Il ne s'agit pas d'une alliance électoraliste, imposée par la nécessité de dépasser le barrage des 4%. C'est ce qu'a expliqué Diliberto: « Pour nous, du Pdci, ce moment politique que constitue les élections européennes n'est pas seulement électoral: si nous donnons l'impression que nous nous sommes rassemblés pour dépasser le seuil de barrage, nous ne le dépasserons pas ». Pour le secrétaire national du Pdci, de suite après les élections il est nécessaire de construire en Italie « un seul, nouveau parti communiste plus grand que ceux qui existent actuellement ». Et il a ajouté: « L'histoire des partis communistes est marquée par les divisions et les querelles, mais tout cela doit être définitivement mis de côté. Si on regarde vers le présent et vers l'avenir, ce qui nous unit est infiniment plus important que ce qui nous divise ».

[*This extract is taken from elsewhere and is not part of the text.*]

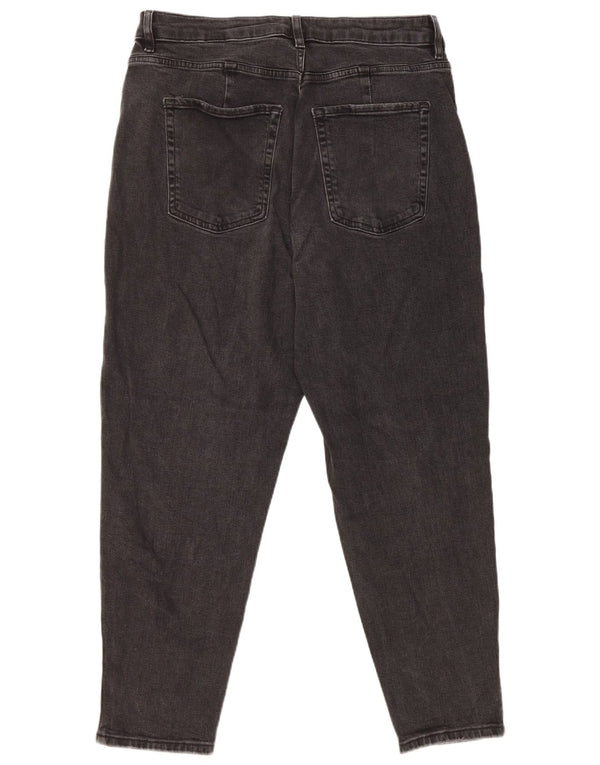 Marks & Spencer Blugi Mom Tapered pentru femei UK 16 Large W32 L27 Black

Pour expliquer la raison d'être des communistes, Diliberto a juste fait référence au cas Thyssen, où certains travailleurs ont été réembauchés et d'autres non. « Seuls ceux qui ont refusé de se constituer partie civile contre le patron ont été réembauchés », a dit Diliberto. Et il a conclu: « Tant qu'il y aura une Italie de ce genre, il y aura aussi des communistes pour la combattre ».